Existing studies on Quality Enhancement for Compressed Video (QECV) predominantly rely on known Quantization Parameters (QPs), employing distinct enhancement models per QP setting, termed non-blind methods. However, in real-world scenarios involving transcoding or transmission, QPs may be partially or entirely unknown, limiting the applicability of such approaches and motivating the development of blind QECV techniques. Current blind methods generate degradation vectors via classification models with cross-entropy loss, using them as channel attention to guide artifact removal. However, these vectors capture only global degradation information and lack spatial details, hindering adaptation to varying artifact patterns at different spatial positions. To address these limitations, we propose a pretrained Degradation Representation Learning (DRL) module that decouples and extracts high-dimensional, multiscale degradation representations from video content to guide the artifact removal. Additionally, both blind and non-blind methods typically employ uniform architectures across QPs, hence, overlooking the varying computational demands inherent to different compression levels. We thus introduce a hierarchical termination mechanism that dynamically adjusts the number of artifact reduction stages based on the compression level. Experimental results demonstrate that the proposed approach significantly enhances performance, achieving a PSNR improvement of 110% (from 0.31 dB to 0.65 dB) over a competing state-of-the-art blind method at QP = 22. Furthermore, the proposed hierarchical termination mechanism reduces the average inference time at QP = 22 by half compared to QP = 42.

Paper Structure

This paper contains 12 sections, 12 equations, 5 figures, 7 tables.

Figures (5)

  • Figure 1: Overview of blind QECV methods. (a) shows an existing method that estimates a QP vector to guide artifact removal. (b) presents our method, which extracts fine-grained degradation representation and employs a hierarchical termination mechanism to adaptively perform multi-stage artifact reduction. The difference map in the center highlights spatially varying degradation, where the red region indicates more severe artifacts than the blue one. Our method achieves superior enhancement results on both regions over existing method.

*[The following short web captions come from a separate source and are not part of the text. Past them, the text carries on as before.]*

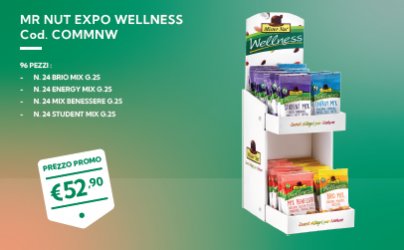 COMBO MISTER NUT WELLNESS 96PZ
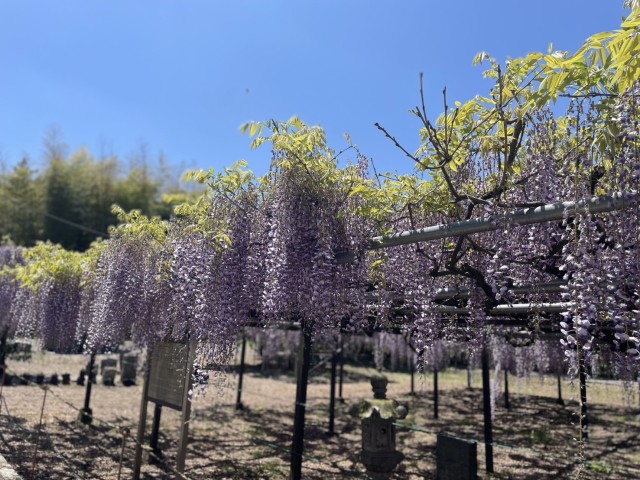 龍蔵寺の六尺藤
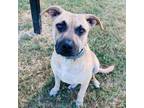 Adopt Honey a Pit Bull Terrier, Shar-Pei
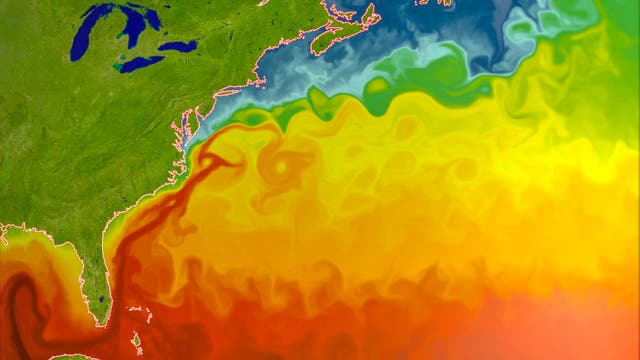 Meeresoberflächentemperaturen aus einer Simulation mit dem globalen Klimamodell CM2.6 des Geophysical Fluid Dynamics Lab in Princeton, USA. Das warme Wasser des Golfstroms ist in Rot dargestellt.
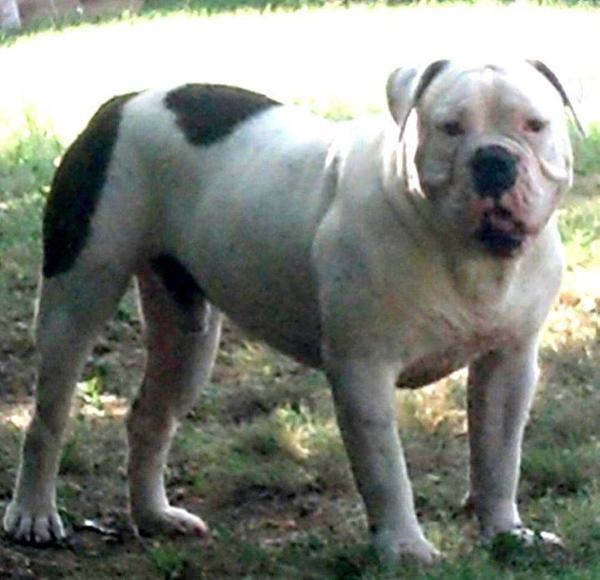 BMK Diesel | Olde English Bulldogge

  • Figure 2: The framework of the proposed method, which comprises (a) Degradation Representation Learning (DRL) module and (b) blind QECV network. The DRL module extracts multi-scale degradation information of the target frame, including degradation tensor (blue arrow), degradation vector (green arrow), and degradation level (orange arrow), which is then fed into the blind QECV network. This network includes three key components: a Coarse Alignment module for frame alignment, a Hierarchical Termination-based Artifact Reduction (HTAR) module, and a Quality Enhancement module. The STAR module incorporates up to five artifact reduction stages, each consisting of an STDA block and a DGLF block, enabling adaptive computational cost and efficient artifact removal based on degradation severity. Finally, the Quality Enhancement module further refines the spatial features of the target frame to improve visual quality.

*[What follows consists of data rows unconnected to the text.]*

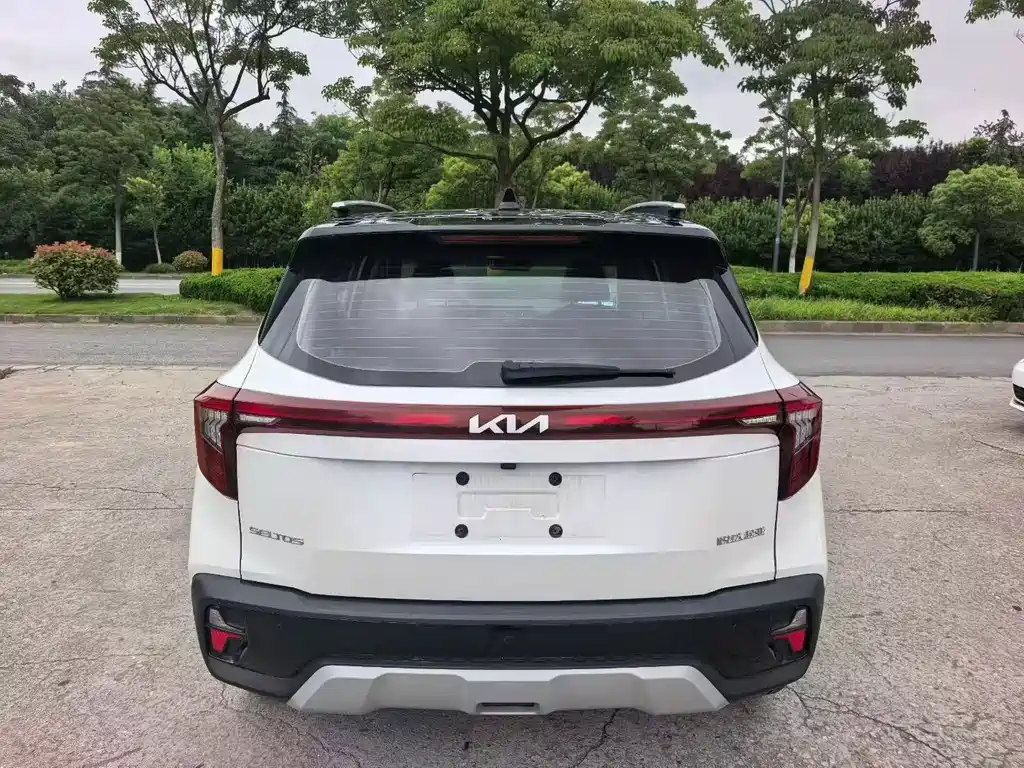 Kia Seltos — миниатюра 2
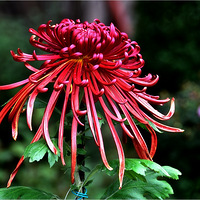 ���˶�ʵľջ�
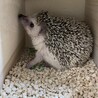 ハリネズミのハリーくん サムネイル2
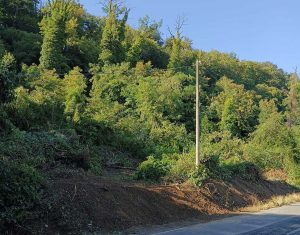 Ronciglione - Riaperta strada Valle di Vico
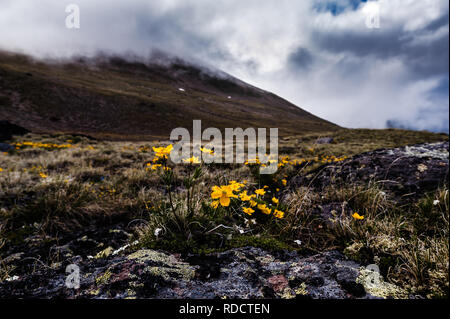 Kleiner Berg Blumen - Buttercup oder kaukasischen Buttercup wachsen auf Steine mit Moos und Flechten und Berghänge mit Wolken im Hintergrund Stockfoto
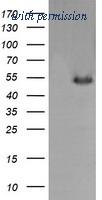 OriGene TA505723S image 1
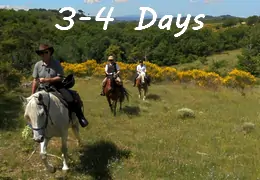 horse riding tour in Provence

  • Figure 3: Illustration of quality fluctuations for two test sequences compressed with QP 37. (Top: Class D, BasketballPass. Bottom: Class C, BasketballDrill.)

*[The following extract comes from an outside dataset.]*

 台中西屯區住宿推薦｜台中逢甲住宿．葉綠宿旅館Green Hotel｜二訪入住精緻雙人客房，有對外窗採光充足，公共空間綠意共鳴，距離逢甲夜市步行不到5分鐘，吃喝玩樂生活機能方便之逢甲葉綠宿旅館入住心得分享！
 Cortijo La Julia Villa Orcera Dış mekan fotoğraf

  • Figure 4: Visualization of Degradation Representation Learning (DRL) and Classification Learning (CL) on HEVC. (a) Clustering of DRL with seen QPs. (b) Clustering of DRL with unseen QPs. (c) Clustering of CL with seen QPs. (d) Clustering of CL with unseen QPs.
  • Figure 5: Detailed visualization on four sequences: BlowingBubbles (416x240), FourPeople (1280x720), RaceHorse(416x240), BasketballDrill(832x480).